Sam Harris (neuroscientist, avowed atheist, and definitely not political conservative) recently said, “I’m not the first person to notice that it’s pretty strange that knowing a person’s position on any one of these issues [guns, immigration, abortion, climate change] generally allows you to predict his position on the others. This shouldn’t happen. Some of these issues are totally unrelated. Why should a person’s position on guns be predicative of his views on climate change, or immigration, or abortion? And yet it almost certainly is in our society. That’s a sign that people are joining tribes and movements.
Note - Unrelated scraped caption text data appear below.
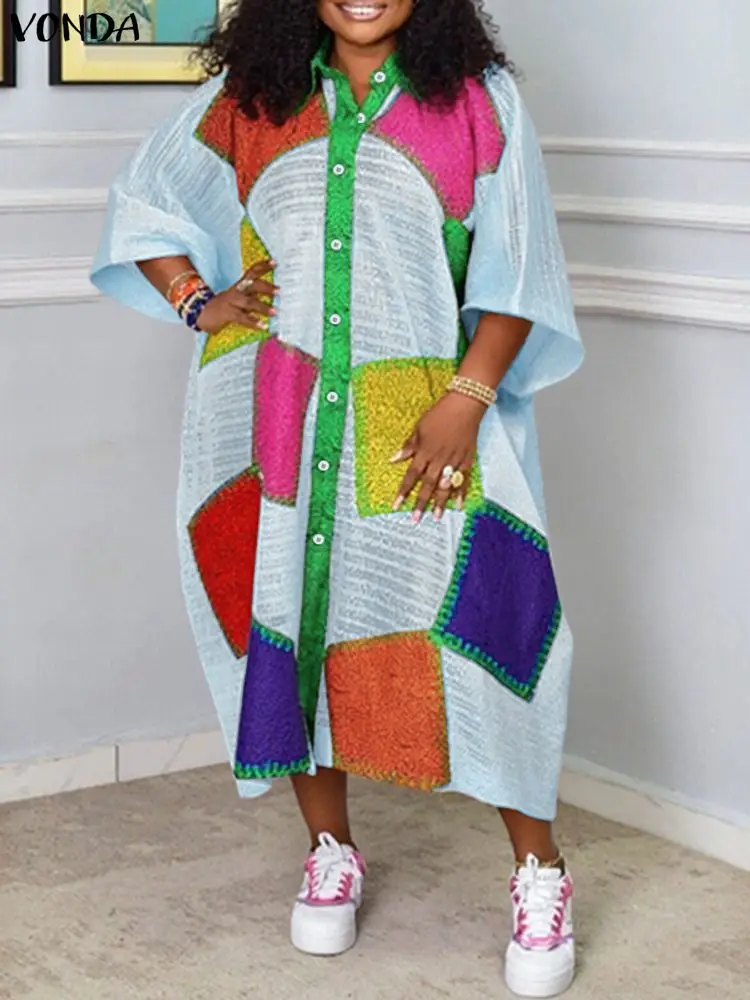 حجم كبير 5XL فوندا المرأة البوهيمي فستان طويل التلبيب 3/4 كم اللون المرقعة فساتين الحفلات عادية خمر رداء المتضخم #2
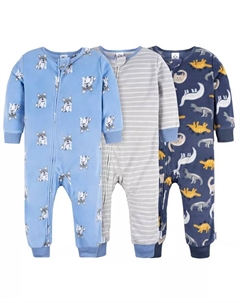 Флисовая пижама без ножек для малышей, 3 шт. в упаковке, синий Gerber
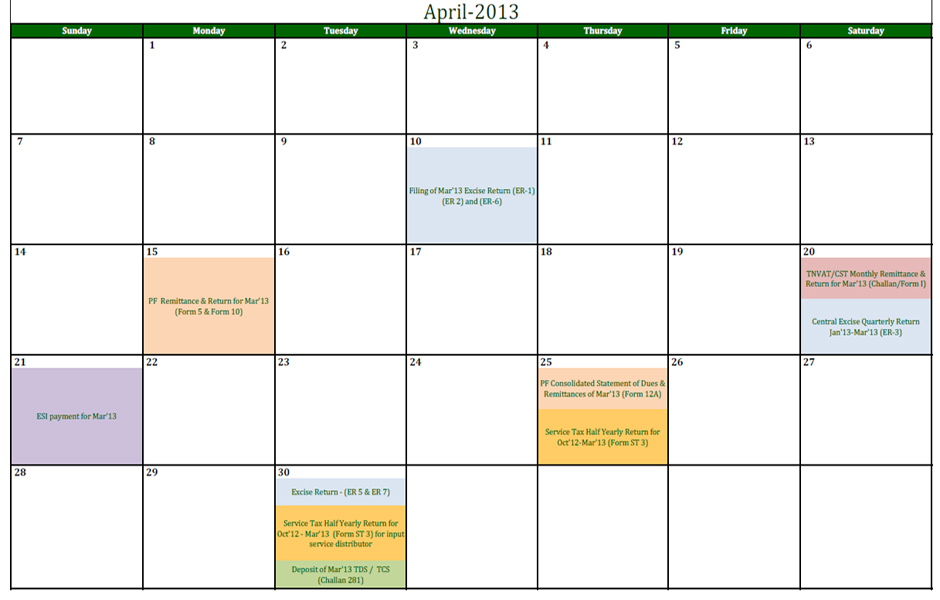 Financial Due Date Calendar for April-2013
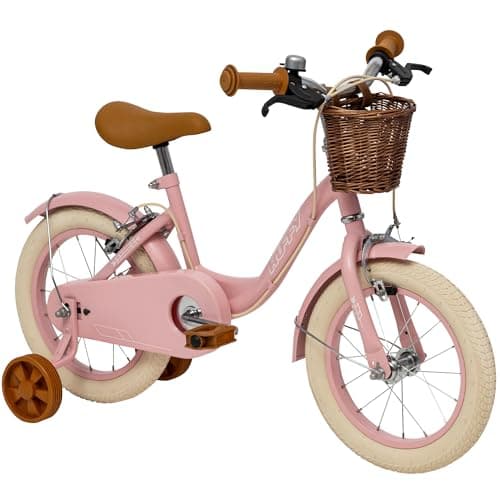 Image of Vintage 14 Inch Childrens Bike, Dusted Pink Matte Retro Bicycle with Stabilisers, Adjustable Seat, Front and Rear Brakes, Classic Cruiser Style for Ages 4 to 6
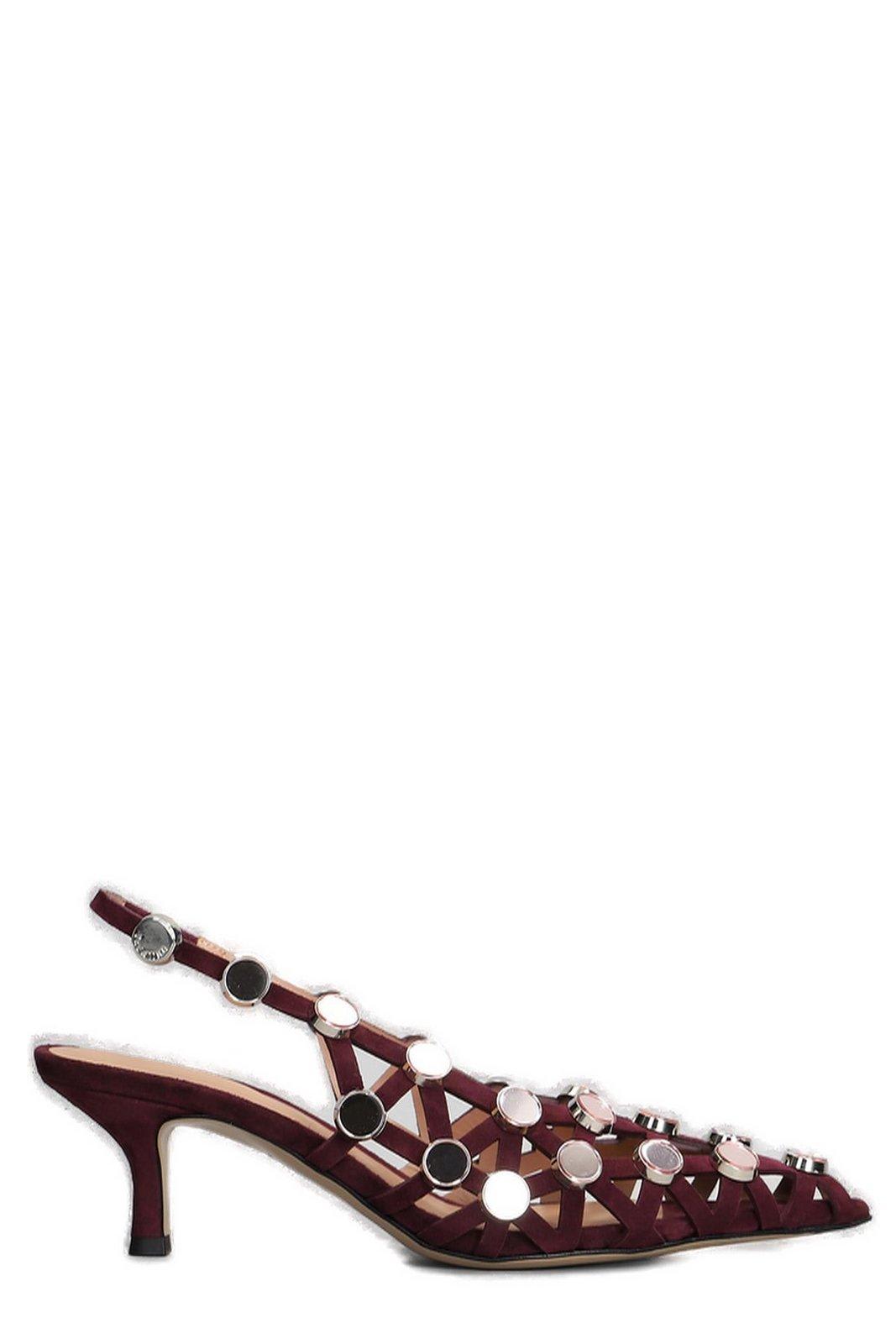 Grid Slingback Pumps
It’s not a sign of clear thinking.”
The only way I got out of the oppressive ideology I grew up in was through hearing opposing views and critical thinking. But let’s be clear, it’s really hard and scary to question your closest held beliefs and convictions, be they theological or political. It’s difficult and scary not just because you’re giving up what has provided you with certainty, security, and identity; but it’s hard because you’re probably losing your community too. About thirteen years ago I purchased Richard Dawkins book, “The Blind Watchmaker: Why the Evidence of Evolution Reveals a Universe without Design.” I was working for a church in Nashville at the time and was caught with it at my desk by my pastor/boss. He picked it up, looked at me with consternation and asked, “Why are you reading this?” I said something like, “Cause I want to know how the other side thinks.” My answer seemed to satisfy him but I could tell he was still concerned…and rightfully so. This was fake news to him and my interest in it, even if it was to somehow support “our side,” was seen as dangerous and suspect.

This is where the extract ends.